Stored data

+===+

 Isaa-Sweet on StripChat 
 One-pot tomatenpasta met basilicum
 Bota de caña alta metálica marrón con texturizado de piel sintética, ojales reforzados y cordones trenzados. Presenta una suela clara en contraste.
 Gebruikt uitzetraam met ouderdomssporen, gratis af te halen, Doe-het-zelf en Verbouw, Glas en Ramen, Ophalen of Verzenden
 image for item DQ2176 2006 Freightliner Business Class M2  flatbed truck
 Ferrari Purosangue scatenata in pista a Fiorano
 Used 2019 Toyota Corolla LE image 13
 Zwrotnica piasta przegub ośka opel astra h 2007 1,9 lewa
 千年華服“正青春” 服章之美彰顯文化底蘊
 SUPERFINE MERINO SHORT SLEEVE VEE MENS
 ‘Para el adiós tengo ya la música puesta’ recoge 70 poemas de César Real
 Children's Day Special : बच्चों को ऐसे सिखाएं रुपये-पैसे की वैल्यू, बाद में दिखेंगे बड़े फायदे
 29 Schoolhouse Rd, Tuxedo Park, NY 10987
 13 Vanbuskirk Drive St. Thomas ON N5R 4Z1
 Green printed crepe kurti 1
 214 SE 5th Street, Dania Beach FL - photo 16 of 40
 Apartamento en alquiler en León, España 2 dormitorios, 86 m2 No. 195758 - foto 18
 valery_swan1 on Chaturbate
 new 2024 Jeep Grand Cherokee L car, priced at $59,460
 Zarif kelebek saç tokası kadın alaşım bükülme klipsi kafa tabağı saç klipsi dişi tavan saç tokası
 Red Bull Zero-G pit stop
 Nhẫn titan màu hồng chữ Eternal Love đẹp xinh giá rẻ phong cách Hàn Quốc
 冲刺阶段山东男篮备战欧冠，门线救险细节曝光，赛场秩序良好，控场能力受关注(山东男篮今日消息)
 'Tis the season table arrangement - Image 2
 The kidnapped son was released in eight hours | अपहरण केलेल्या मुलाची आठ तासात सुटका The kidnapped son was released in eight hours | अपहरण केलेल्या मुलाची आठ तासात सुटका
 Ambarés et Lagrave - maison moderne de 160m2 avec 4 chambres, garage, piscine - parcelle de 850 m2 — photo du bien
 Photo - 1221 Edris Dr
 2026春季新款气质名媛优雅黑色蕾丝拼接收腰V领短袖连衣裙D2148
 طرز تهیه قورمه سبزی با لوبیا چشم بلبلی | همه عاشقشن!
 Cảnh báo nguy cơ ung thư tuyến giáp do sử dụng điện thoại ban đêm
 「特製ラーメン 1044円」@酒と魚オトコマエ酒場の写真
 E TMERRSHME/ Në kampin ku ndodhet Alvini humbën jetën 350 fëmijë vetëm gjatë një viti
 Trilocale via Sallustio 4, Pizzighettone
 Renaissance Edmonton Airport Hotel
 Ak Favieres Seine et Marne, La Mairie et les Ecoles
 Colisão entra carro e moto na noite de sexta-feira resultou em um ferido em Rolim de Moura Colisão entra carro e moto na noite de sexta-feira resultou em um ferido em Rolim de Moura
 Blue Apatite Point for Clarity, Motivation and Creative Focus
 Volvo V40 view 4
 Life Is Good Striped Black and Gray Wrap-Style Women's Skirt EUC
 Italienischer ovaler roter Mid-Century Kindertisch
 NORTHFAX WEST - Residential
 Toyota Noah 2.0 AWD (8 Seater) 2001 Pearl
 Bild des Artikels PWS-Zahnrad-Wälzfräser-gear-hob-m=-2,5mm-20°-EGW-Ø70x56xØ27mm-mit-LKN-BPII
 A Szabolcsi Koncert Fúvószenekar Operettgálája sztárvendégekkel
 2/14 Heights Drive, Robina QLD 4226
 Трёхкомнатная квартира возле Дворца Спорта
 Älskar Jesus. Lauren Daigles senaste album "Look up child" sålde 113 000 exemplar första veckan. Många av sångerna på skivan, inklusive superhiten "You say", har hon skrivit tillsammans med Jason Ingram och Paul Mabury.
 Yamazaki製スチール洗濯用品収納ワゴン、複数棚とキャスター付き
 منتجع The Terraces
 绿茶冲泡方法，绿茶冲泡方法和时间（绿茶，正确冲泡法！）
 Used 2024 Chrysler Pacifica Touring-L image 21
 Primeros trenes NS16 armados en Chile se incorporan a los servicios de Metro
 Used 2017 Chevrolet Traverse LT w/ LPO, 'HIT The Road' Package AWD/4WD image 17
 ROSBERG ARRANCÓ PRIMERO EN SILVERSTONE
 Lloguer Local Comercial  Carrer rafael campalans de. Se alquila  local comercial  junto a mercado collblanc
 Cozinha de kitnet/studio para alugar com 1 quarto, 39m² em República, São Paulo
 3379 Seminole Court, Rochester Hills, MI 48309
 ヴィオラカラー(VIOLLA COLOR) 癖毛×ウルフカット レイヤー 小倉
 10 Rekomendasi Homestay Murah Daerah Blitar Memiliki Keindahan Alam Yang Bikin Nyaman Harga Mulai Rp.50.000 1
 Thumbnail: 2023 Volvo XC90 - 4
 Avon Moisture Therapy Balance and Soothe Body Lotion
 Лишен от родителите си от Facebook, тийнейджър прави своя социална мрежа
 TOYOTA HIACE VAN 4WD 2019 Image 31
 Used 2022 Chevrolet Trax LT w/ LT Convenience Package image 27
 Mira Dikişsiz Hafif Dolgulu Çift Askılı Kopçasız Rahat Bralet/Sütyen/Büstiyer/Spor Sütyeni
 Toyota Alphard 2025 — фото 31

+===+

The output should be exactly the lines above from the line containing "Photo - 1221 Edris Dr" to the line containing "E TMERRSHME/ Në", inclusive, with no other lines.

 Photo - 1221 Edris Dr
 2026春季新款气质名媛优雅黑色蕾丝拼接收腰V领短袖连衣裙D2148
 طرز تهیه قورمه سبزی با لوبیا چشم بلبلی | همه عاشقشن!
 Cảnh báo nguy cơ ung thư tuyến giáp do sử dụng điện thoại ban đêm
 「特製ラーメン 1044円」@酒と魚オトコマエ酒場の写真
 E TMERRSHME/ Në kampin ku ndodhet Alvini humbën jetën 350 fëmijë vetëm gjatë një viti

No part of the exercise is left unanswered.